TASK REQUIREMENTS: An exact copy of every entry is needed, without the pictures.

Short text fragments from websites

□ □ □ □

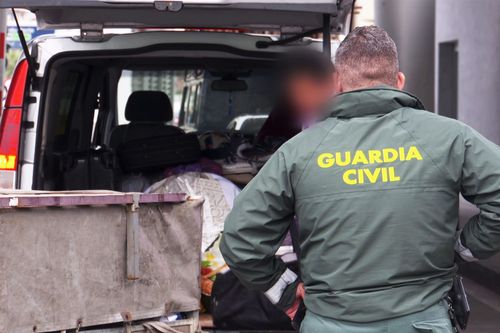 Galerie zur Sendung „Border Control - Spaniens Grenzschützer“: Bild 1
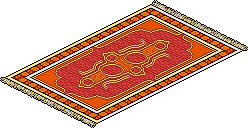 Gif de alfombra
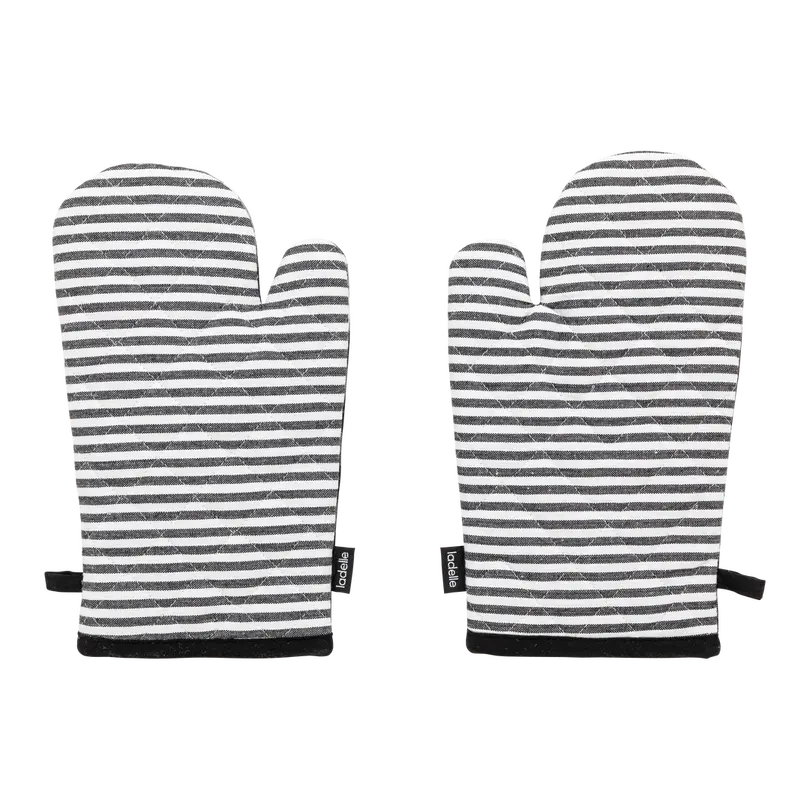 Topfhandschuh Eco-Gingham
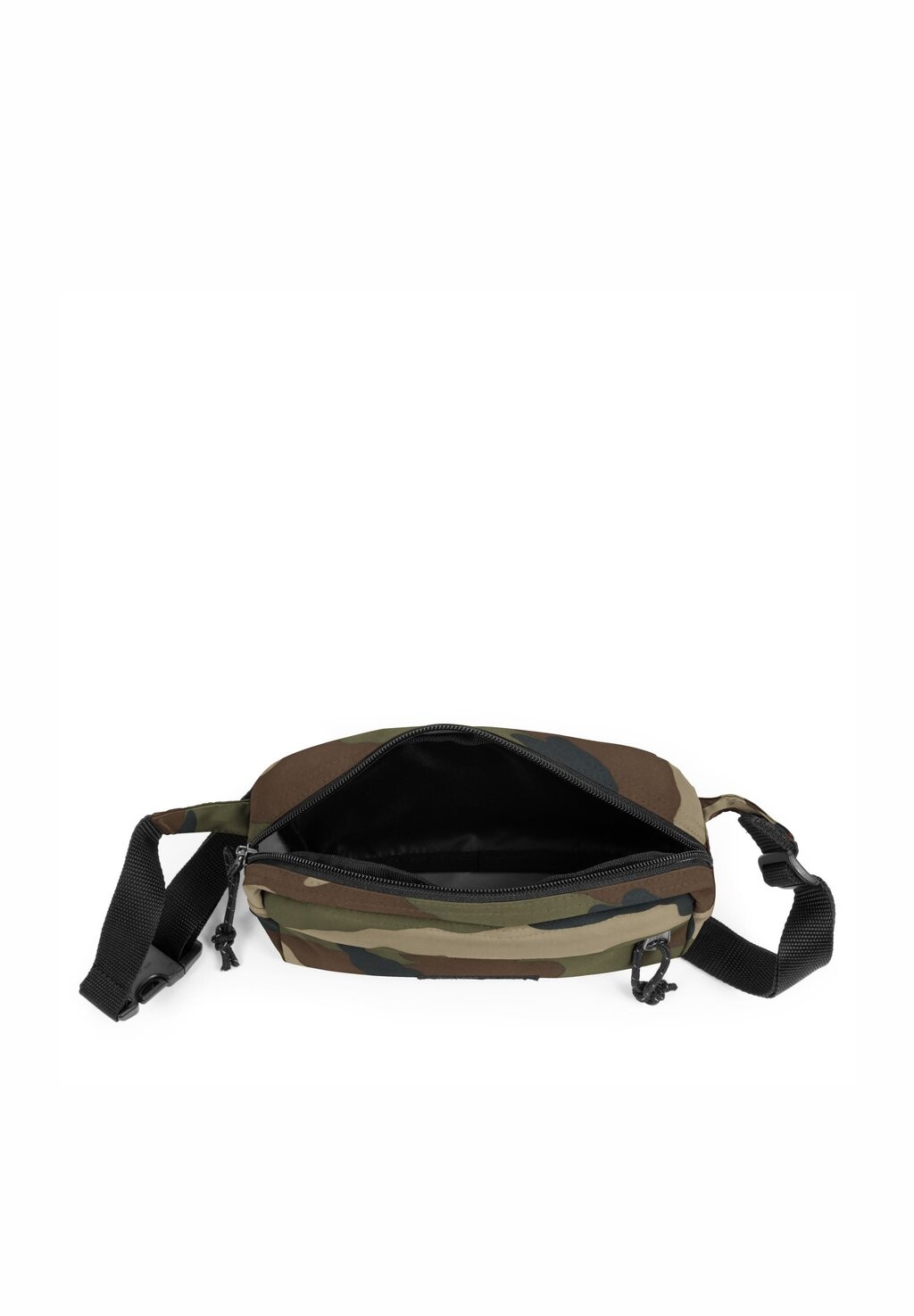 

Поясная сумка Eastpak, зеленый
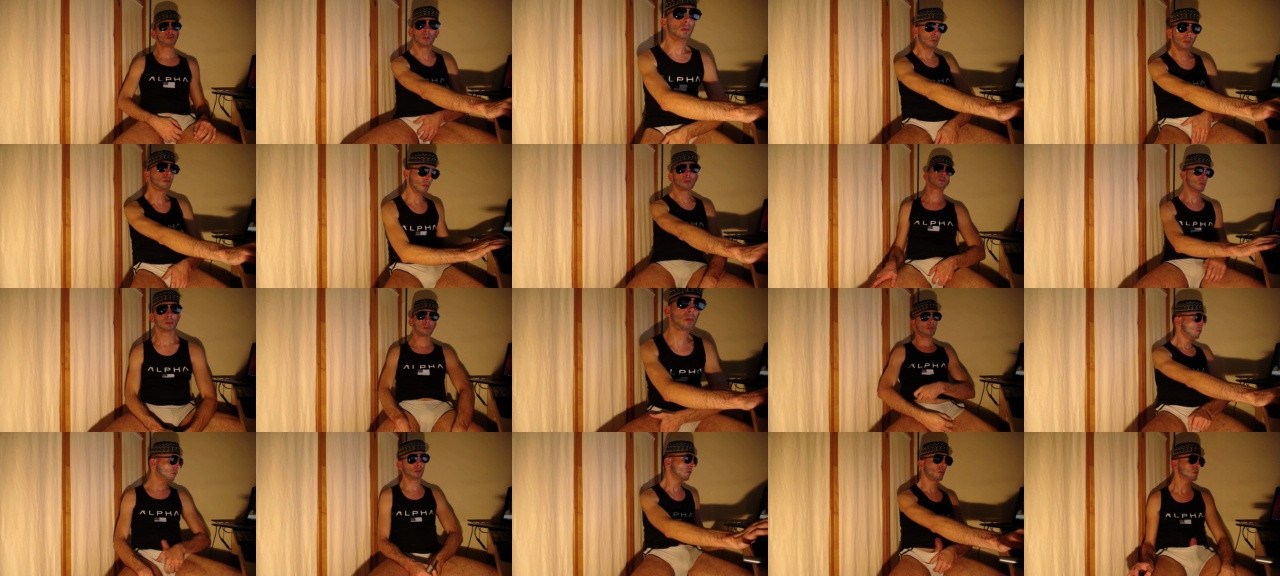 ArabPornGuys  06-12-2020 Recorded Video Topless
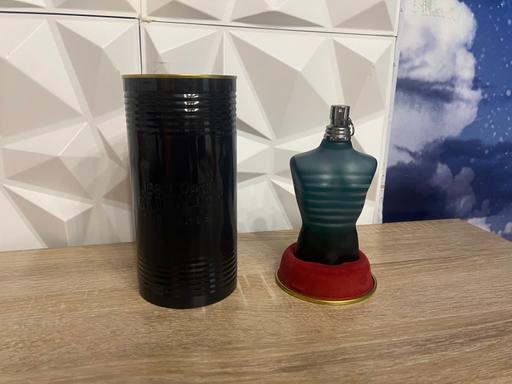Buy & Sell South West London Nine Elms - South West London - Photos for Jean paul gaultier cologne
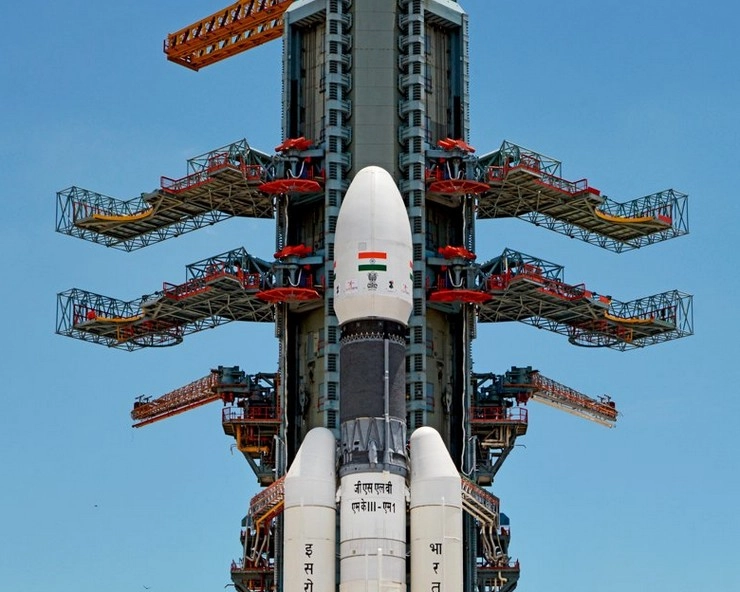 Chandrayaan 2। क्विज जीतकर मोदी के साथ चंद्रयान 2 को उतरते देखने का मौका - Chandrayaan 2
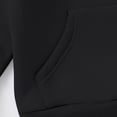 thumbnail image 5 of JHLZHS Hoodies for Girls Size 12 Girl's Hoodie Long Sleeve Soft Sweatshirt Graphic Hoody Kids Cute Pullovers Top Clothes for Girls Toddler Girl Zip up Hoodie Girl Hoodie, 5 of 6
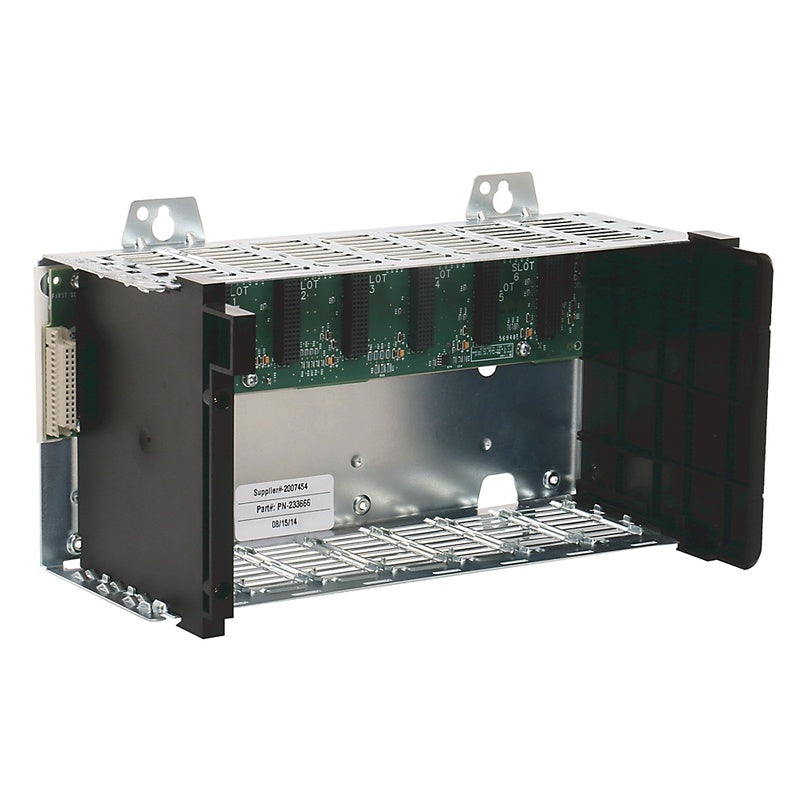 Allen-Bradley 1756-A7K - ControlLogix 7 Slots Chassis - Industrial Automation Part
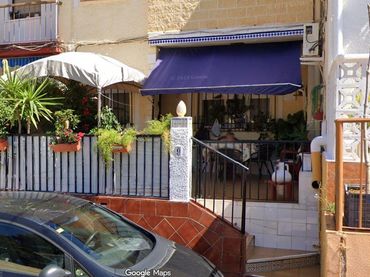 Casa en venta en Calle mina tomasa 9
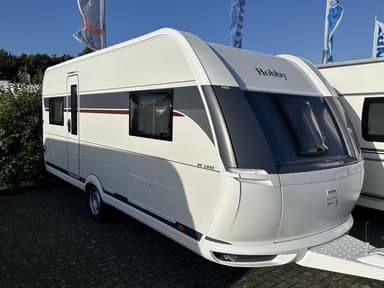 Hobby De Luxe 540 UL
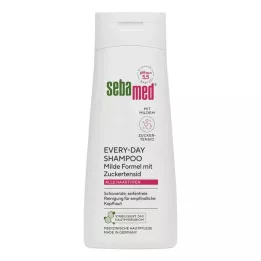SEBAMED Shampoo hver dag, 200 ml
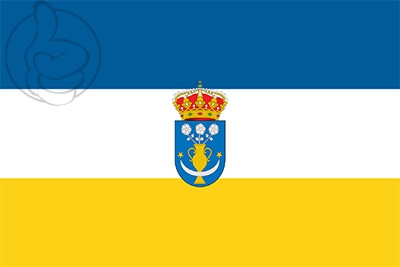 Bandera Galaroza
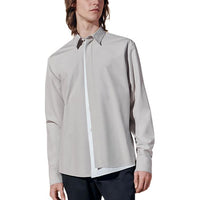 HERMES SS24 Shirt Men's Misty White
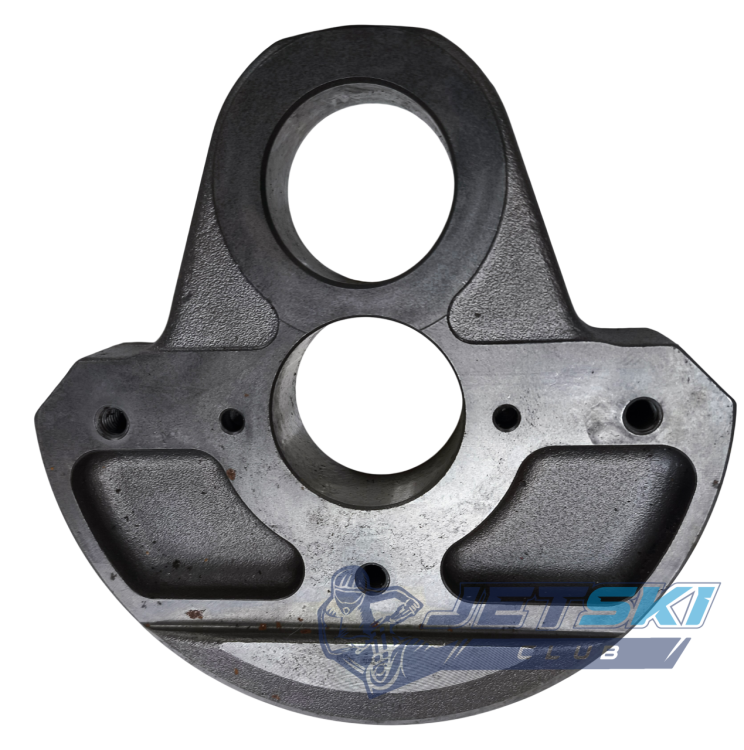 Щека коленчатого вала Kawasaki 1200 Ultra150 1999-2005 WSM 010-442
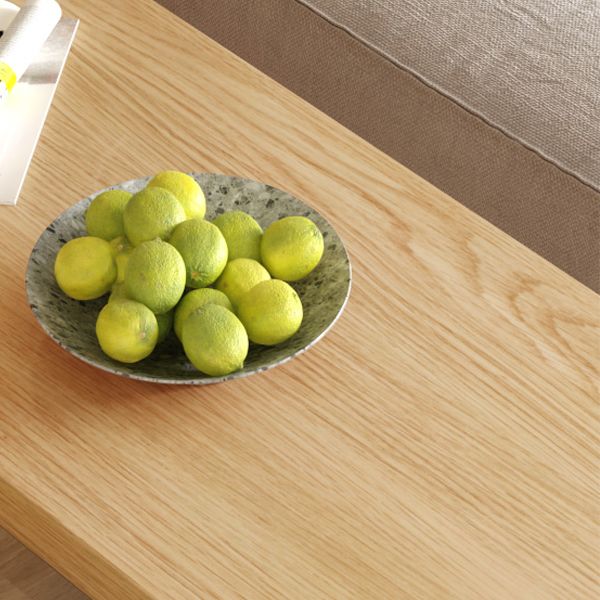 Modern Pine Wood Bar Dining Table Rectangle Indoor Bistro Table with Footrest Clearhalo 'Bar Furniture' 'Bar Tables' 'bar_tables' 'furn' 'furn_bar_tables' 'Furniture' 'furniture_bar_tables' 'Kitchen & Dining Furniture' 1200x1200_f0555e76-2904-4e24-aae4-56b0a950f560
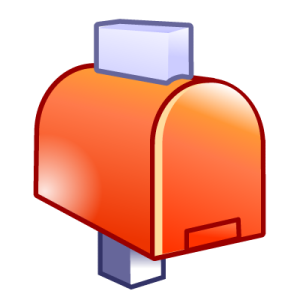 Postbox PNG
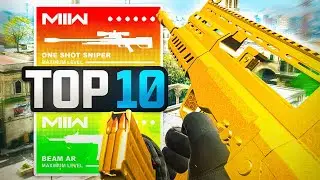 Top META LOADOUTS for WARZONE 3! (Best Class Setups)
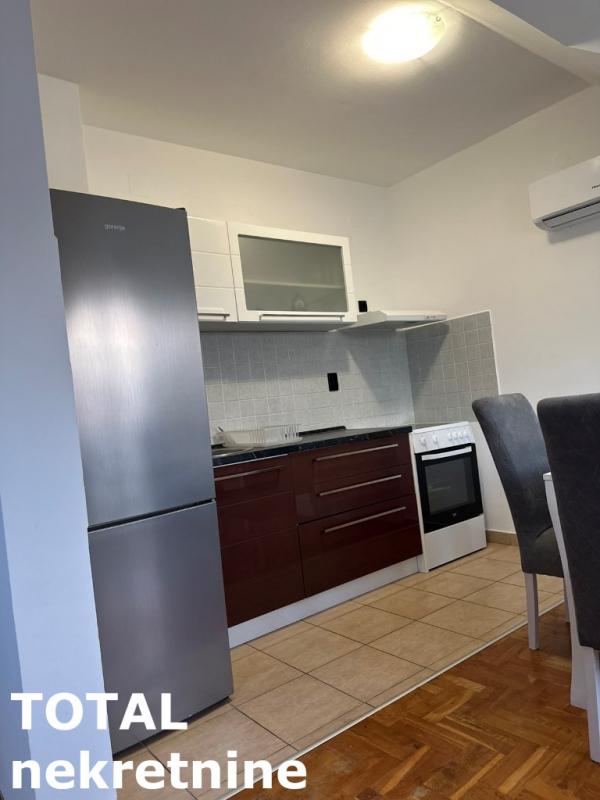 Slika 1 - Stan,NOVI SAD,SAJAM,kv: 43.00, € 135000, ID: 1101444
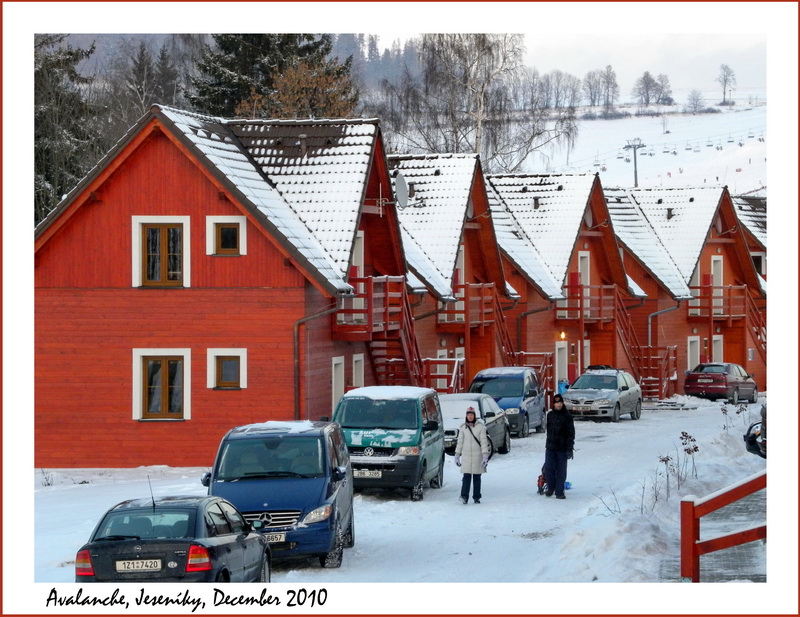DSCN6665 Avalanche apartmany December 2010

□ □ □ □

TASK RESULT:
 Galerie zur Sendung „Border Control - Spaniens Grenzschützer“: Bild 1
 Gif de alfombra
 Topfhandschuh Eco-Gingham

Поясная сумка Eastpak, зеленый
 ArabPornGuys  06-12-2020 Recorded Video Topless
Buy & Sell South West London Nine Elms - South West London - Photos for Jean paul gaultier cologne
 Chandrayaan 2। क्विज जीतकर मोदी के साथ चंद्रयान 2 को उतरते देखने का मौका - Chandrayaan 2
 thumbnail image 5 of JHLZHS Hoodies for Girls Size 12 Girl's Hoodie Long Sleeve Soft Sweatshirt Graphic Hoody Kids Cute Pullovers Top Clothes for Girls Toddler Girl Zip up Hoodie Girl Hoodie, 5 of 6
 Allen-Bradley 1756-A7K - ControlLogix 7 Slots Chassis - Industrial Automation Part
 Casa en venta en Calle mina tomasa 9
 Hobby De Luxe 540 UL
SEBAMED Shampoo hver dag, 200 ml
 Bandera Galaroza
 HERMES SS24 Shirt Men's Misty White
 Щека коленчатого вала Kawasaki 1200 Ultra150 1999-2005 WSM 010-442
 Modern Pine Wood Bar Dining Table Rectangle Indoor Bistro Table with Footrest Clearhalo 'Bar Furniture' 'Bar Tables' 'bar_tables' 'furn' 'furn_bar_tables' 'Furniture' 'furniture_bar_tables' 'Kitchen & Dining Furniture' 1200x1200_f0555e76-2904-4e24-aae4-56b0a950f560
 Postbox PNG
 Top META LOADOUTS for WARZONE 3! (Best Class Setups)
 Slika 1 - Stan,NOVI SAD,SAJAM,kv: 43.00, € 135000, ID: 1101444
DSCN6665 Avalanche apartmany December 2010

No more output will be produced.